A full five minutes in the room is when I finally noticed the walls were not white. In this room only (I peaked into the adjoining rooms to check), the walls had been painted a muted seafoam-gray-taupe. Subtle, but it completely reanimated the collection. Everything in that room looks like it belongs together now, Ursula von Rydingsvard's stunning wonder rzeski, Matthew Kolodziej's Good Neighbors, even Alma W. Thomas's subtle Pond - Spring Awakening... all the oranges and earth tones are set off marvelously by this wall color and look years younger, like furniture refinished, the sticky gooey atmosphere of time lifted, everything moving with renewed vigor and elegance and brought into balance, roaring works tamed and easily overlooked gems given a microphone.
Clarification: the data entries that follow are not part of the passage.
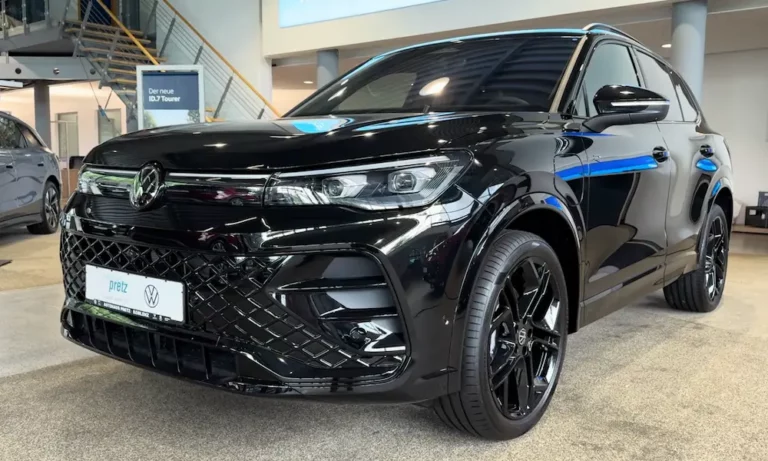 What Gas Does a Volkswagen Tiguan Take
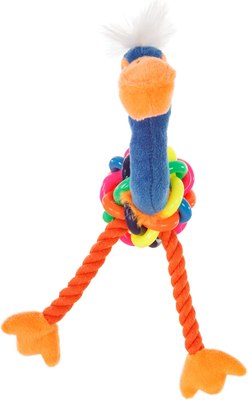 Игрушка для собак ZooZooZoo Фламинго Мини 39028/ZZ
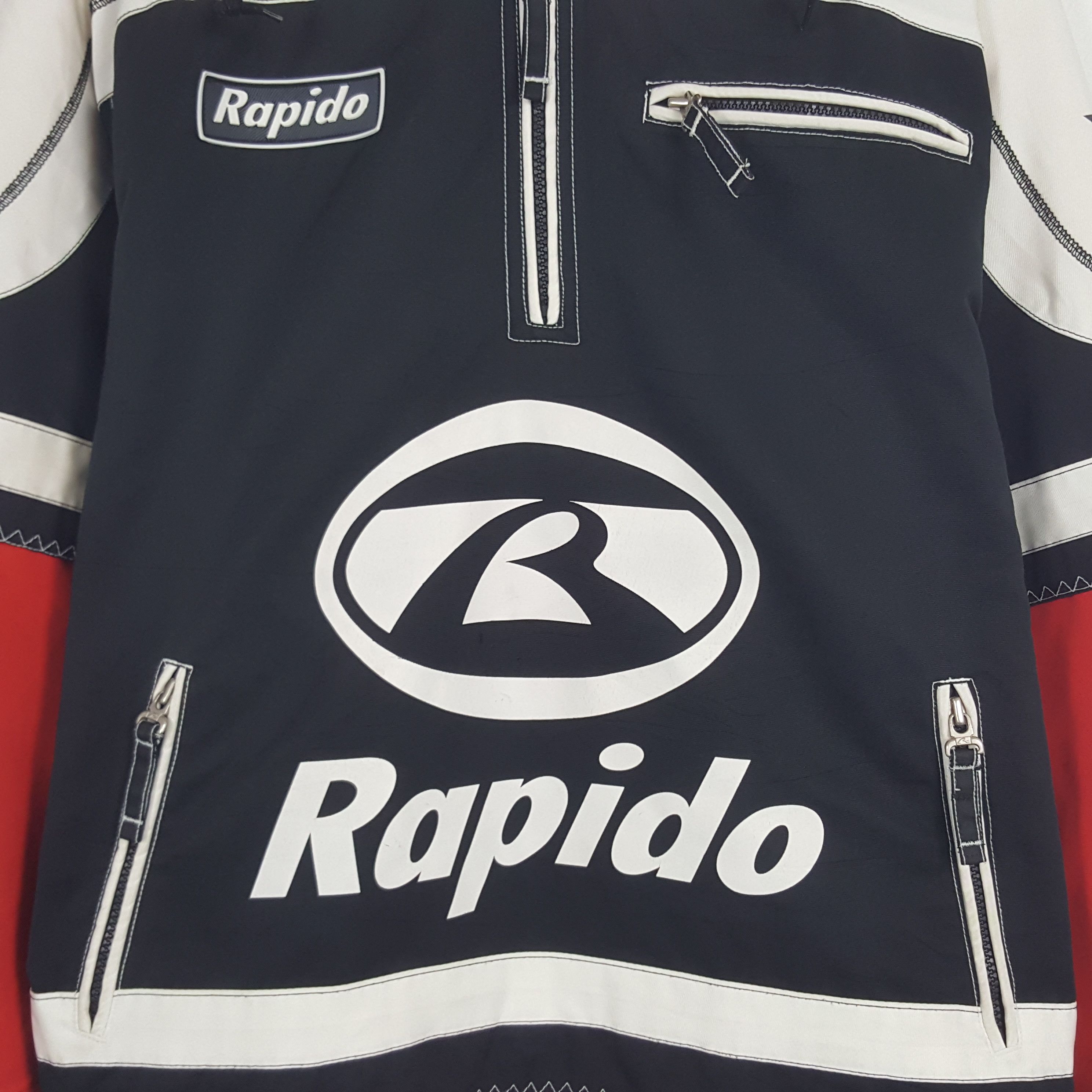 Vintage Vintage Rapido Winter Universiade Jacket Hoodie Size US L / EU 52-54 / 3 - 2 Thumbnail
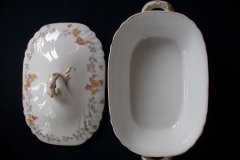 HAVILAND-CFH/GDM- AUTUMN- VEGETABLE TUREEN  .....   http://jaapiesfinechinastore.com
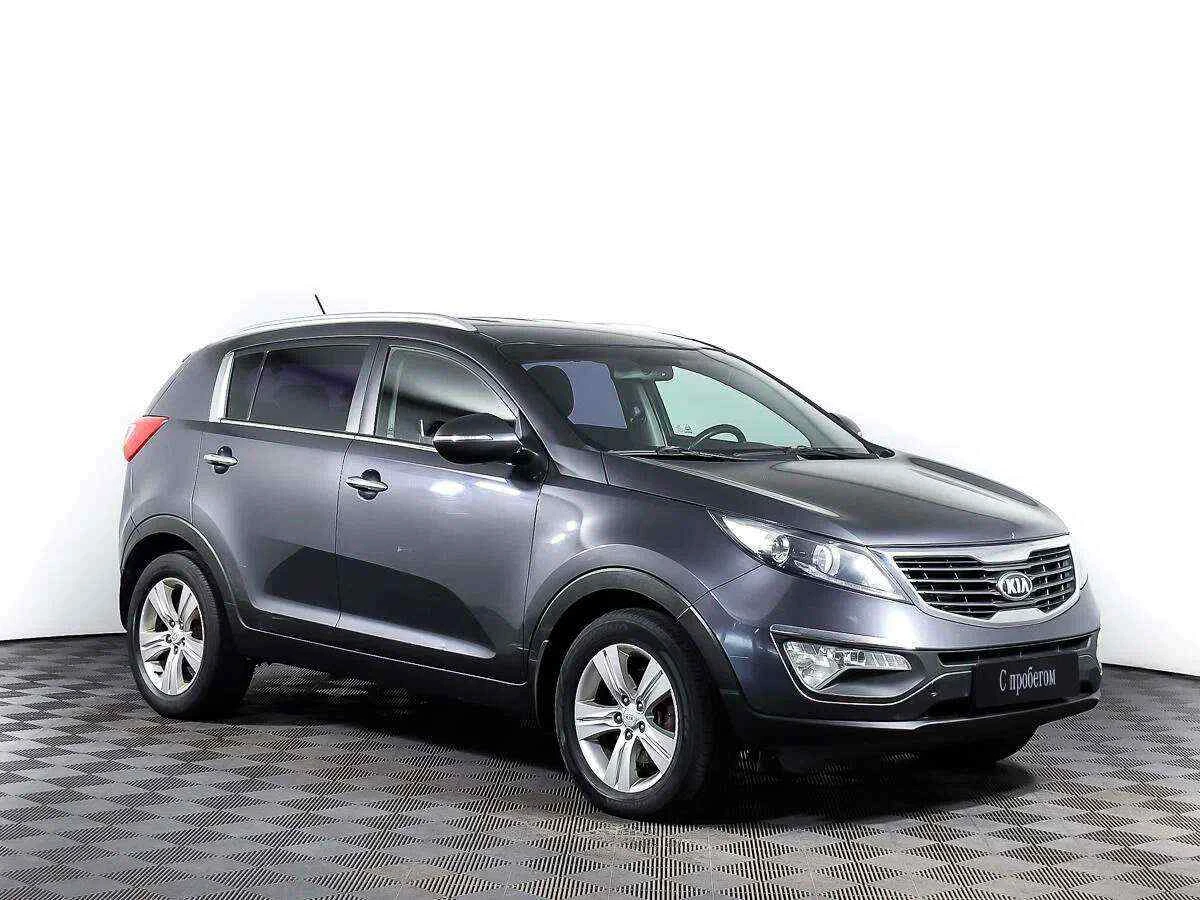 KIA Sportage, Серый, 2013, Автоматическая, 150 л.с., цена от 775 800 руб.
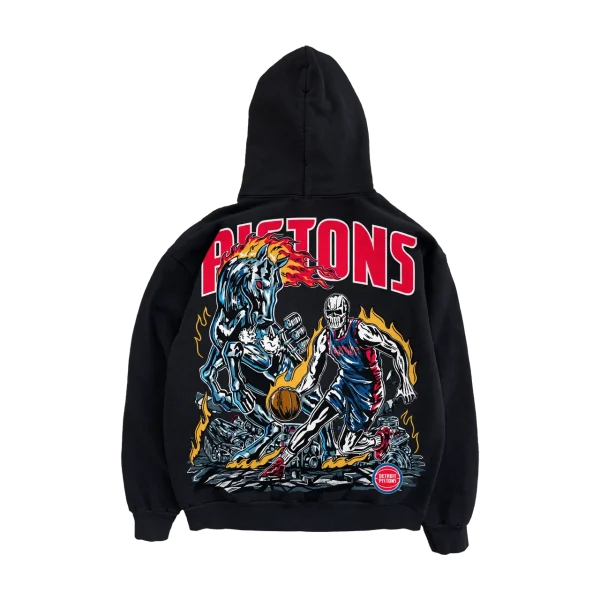 Warren Lotas Detroit Horsepower Hoodie – Black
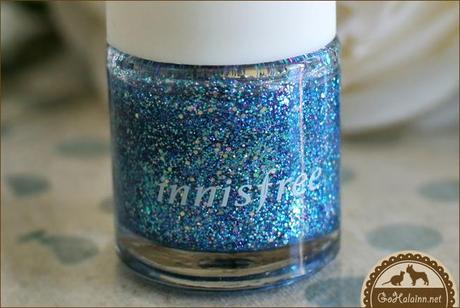 Review: Innisfree Eco Nail Color #147 Sand Blue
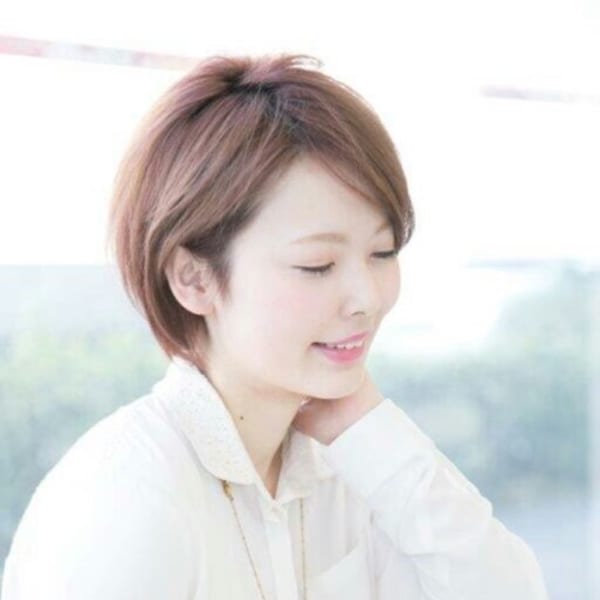 ☆絶壁解消☆耳かけショート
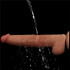 Dildo Mulatto Annibale con Pelle Scorrevole e Ventosa 32 x 6 cm - 6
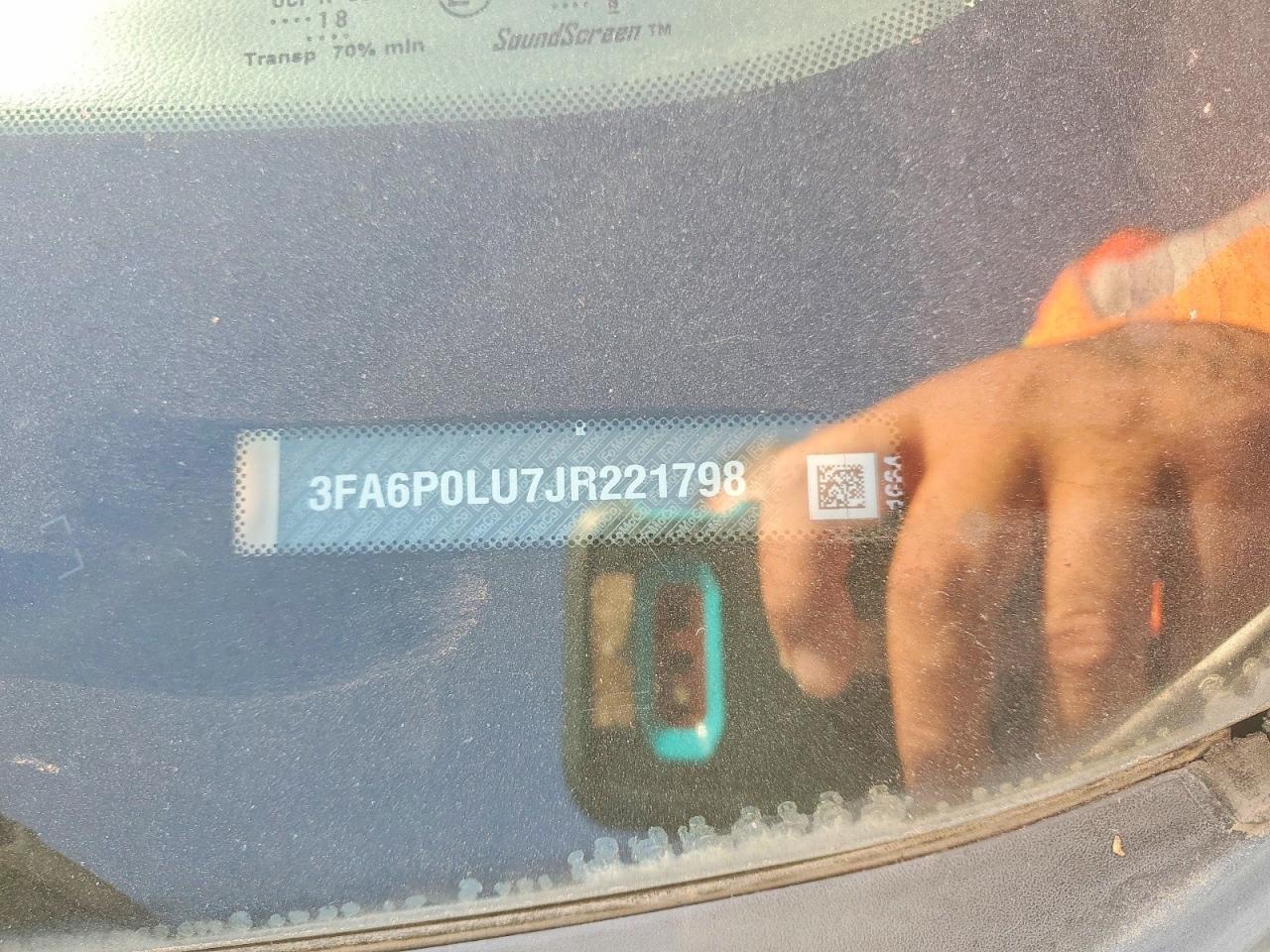 2018 FORD FUSION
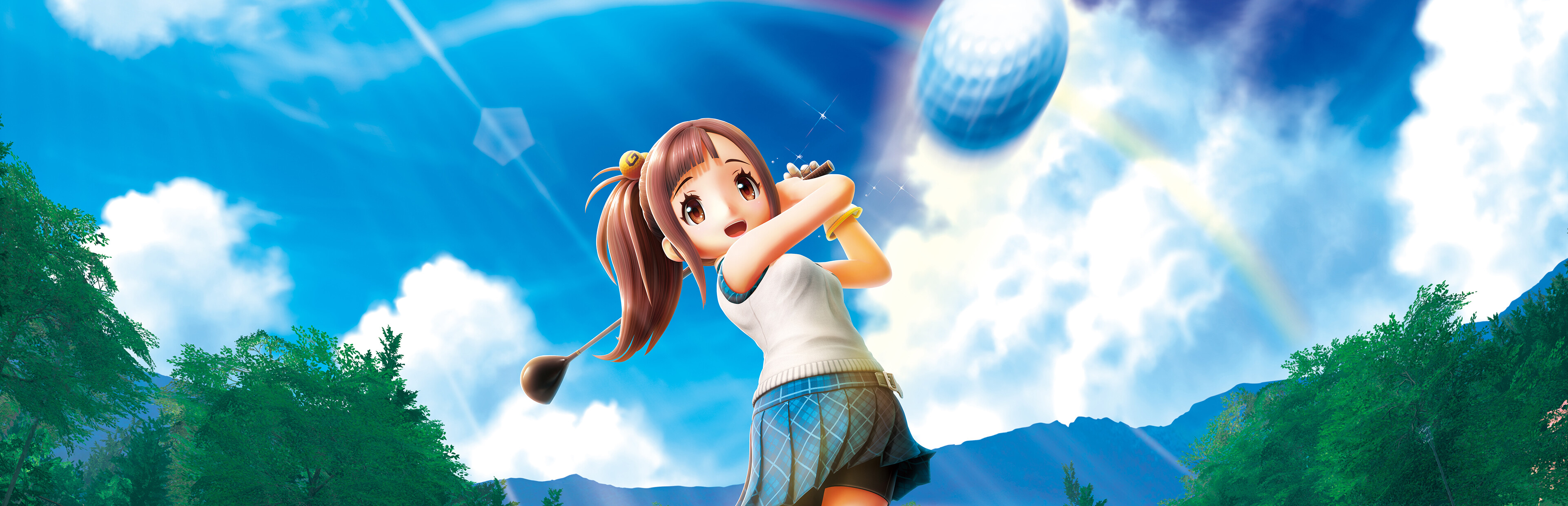 Game cover Everybody’s Golf: Hot Shots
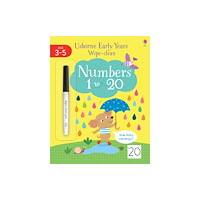 Usborne Publishing Ltd Early Years Wipe-Clean Numbers 1 to 20 (häftad, eng)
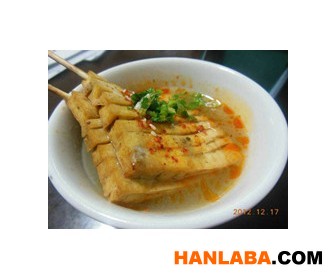 特色鸡汁豆腐串技术培训 学习鸡汁豆腐串的做法 卤菜培训
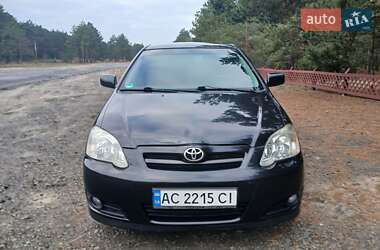 Хетчбек Toyota Corolla 2004 в Ковелі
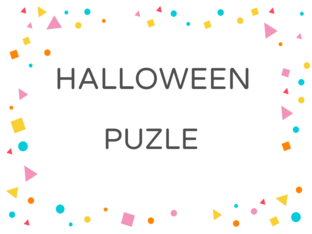 Halloween puzle yeles by Andrés Raya Sabrido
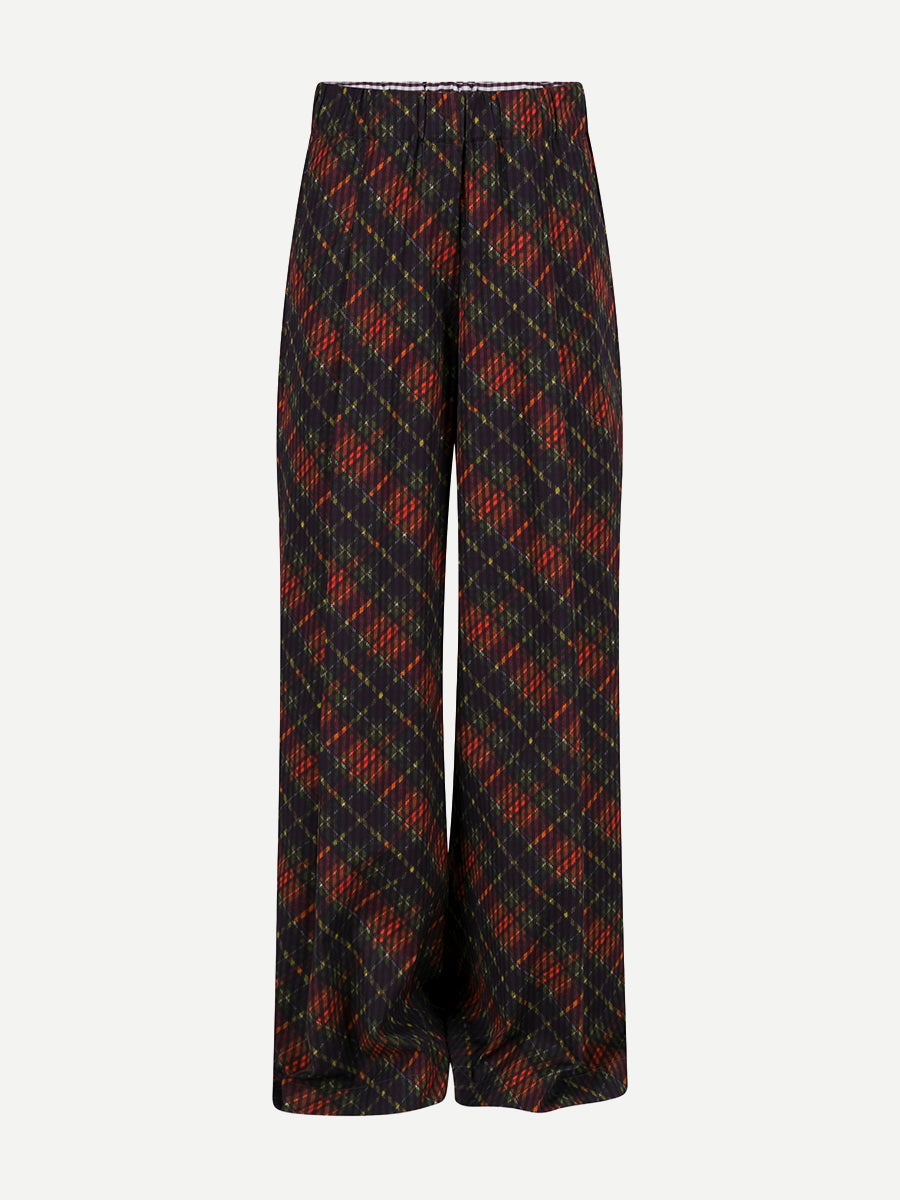 Pila Gingham Pants in Dessin B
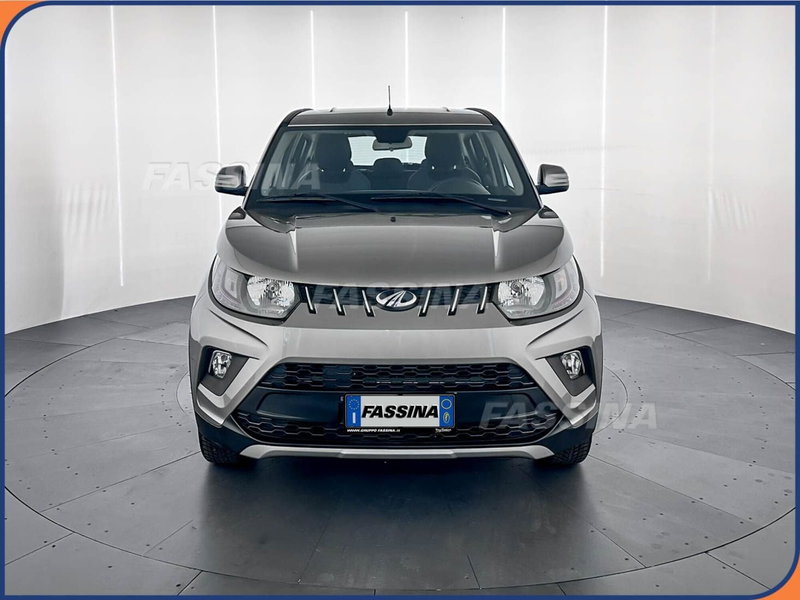 Mahindra KUV100 usata a Milano (2)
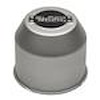 Steel Push Through Center Cap Silver - image 1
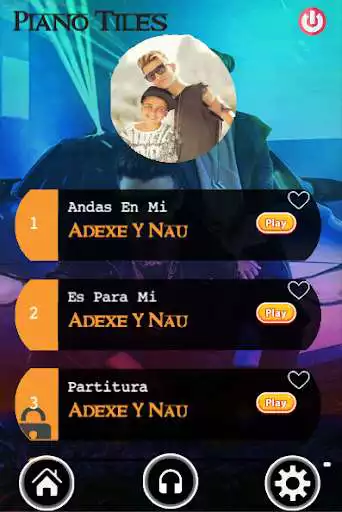 Play Adexe Y Nauu - Piano Tiles  and enjoy Adexe Y Nauu - Piano Tiles with UptoPlay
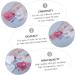 COHEALI 2 Sets Storage Box Mold Silicone Molds Epoxy Silicone Diy Crystal Epoxy Mold Accessories Crafts Whitex2pcs 9.6X8.9CMx2pcs - Buy Online on GoSupps.com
It was a moving lesson in the raw power of curatorial decisions, to recompose these old friends into a new chorus, set against a color that quietly finds new life in and new context for these works. Stark white room after room can feel like death, and so even a subtle shift can feel like works that were hospitalized are alive again and speaking. At least 6 works are now as transcendent to me as the Anatsui, and like bumping into an old friend with a great new haircut, I'm looking forward to conversing with them again.